### Exercise details
No pictures should appear. The lines from the beginning of the listing through the one holding "Scientific virologist. Biologist" must be reproduced exactly, and nothing more.

### Source material
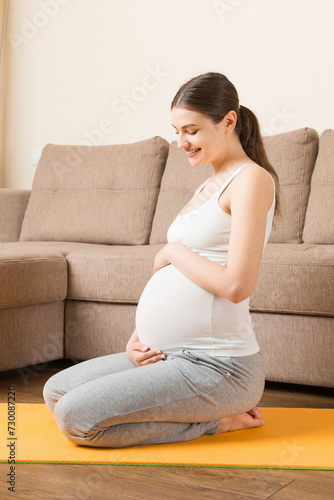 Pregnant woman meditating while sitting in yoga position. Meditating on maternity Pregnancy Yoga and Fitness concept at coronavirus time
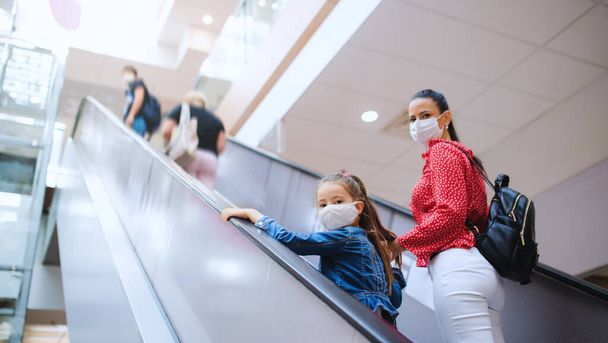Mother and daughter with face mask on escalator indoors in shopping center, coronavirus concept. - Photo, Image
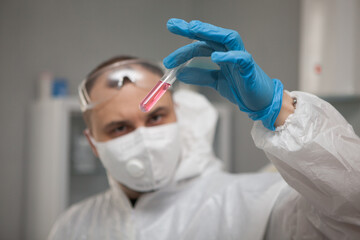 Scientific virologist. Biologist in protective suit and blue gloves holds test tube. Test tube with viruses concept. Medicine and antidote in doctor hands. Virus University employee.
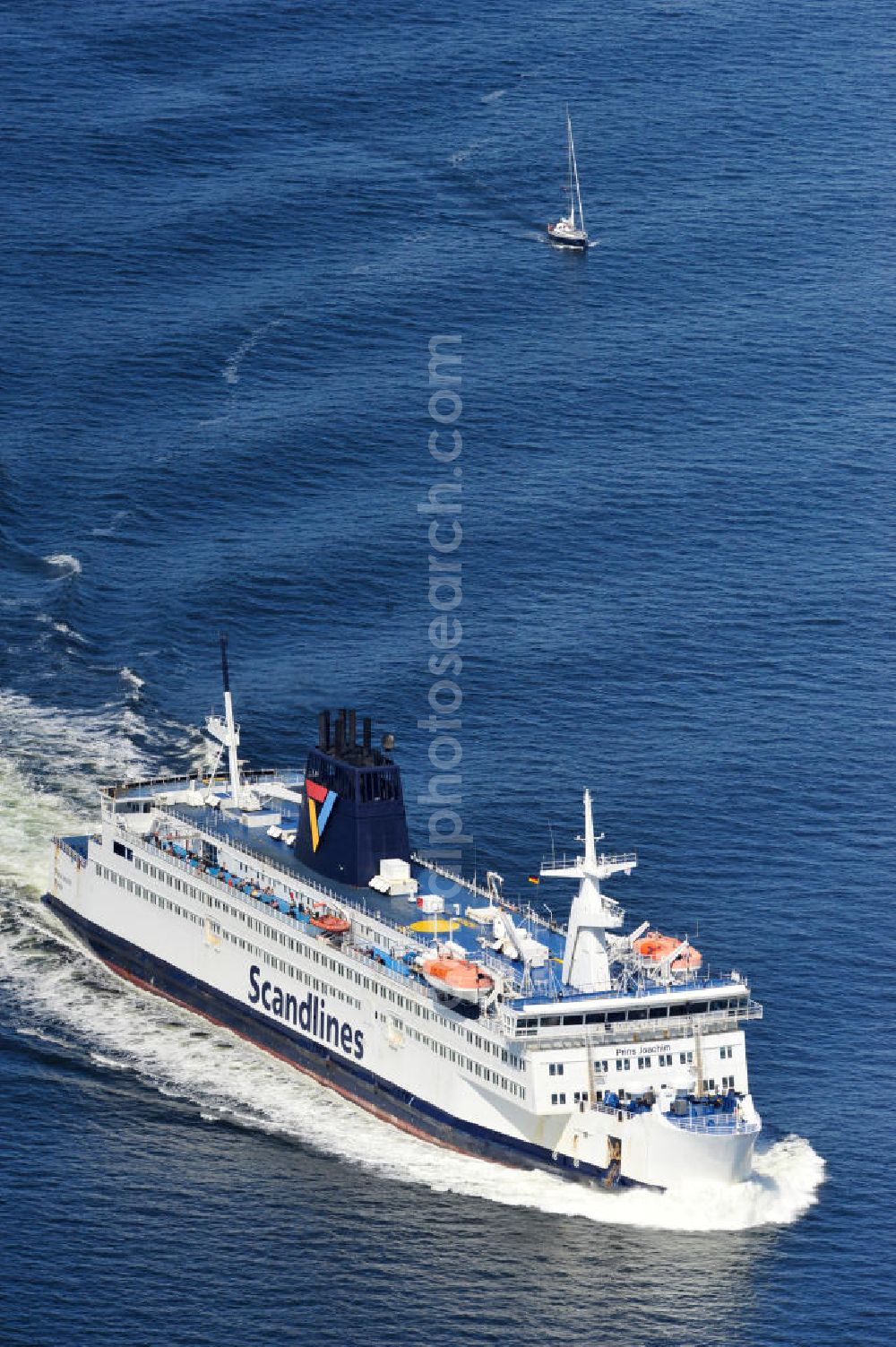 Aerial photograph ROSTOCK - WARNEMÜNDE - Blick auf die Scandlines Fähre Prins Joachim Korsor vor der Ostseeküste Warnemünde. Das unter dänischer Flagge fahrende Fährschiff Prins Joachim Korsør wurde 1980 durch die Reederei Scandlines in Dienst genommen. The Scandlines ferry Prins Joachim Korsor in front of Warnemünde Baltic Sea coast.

### Written answer
 Pregnant woman meditating while sitting in yoga position. Meditating on maternity Pregnancy Yoga and Fitness concept at coronavirus time
Mother and daughter with face mask on escalator indoors in shopping center, coronavirus concept. - Photo, Image
 Scientific virologist. Biologist in protective suit and blue gloves holds test tube. Test tube with viruses concept. Medicine and antidote in doctor hands. Virus University employee.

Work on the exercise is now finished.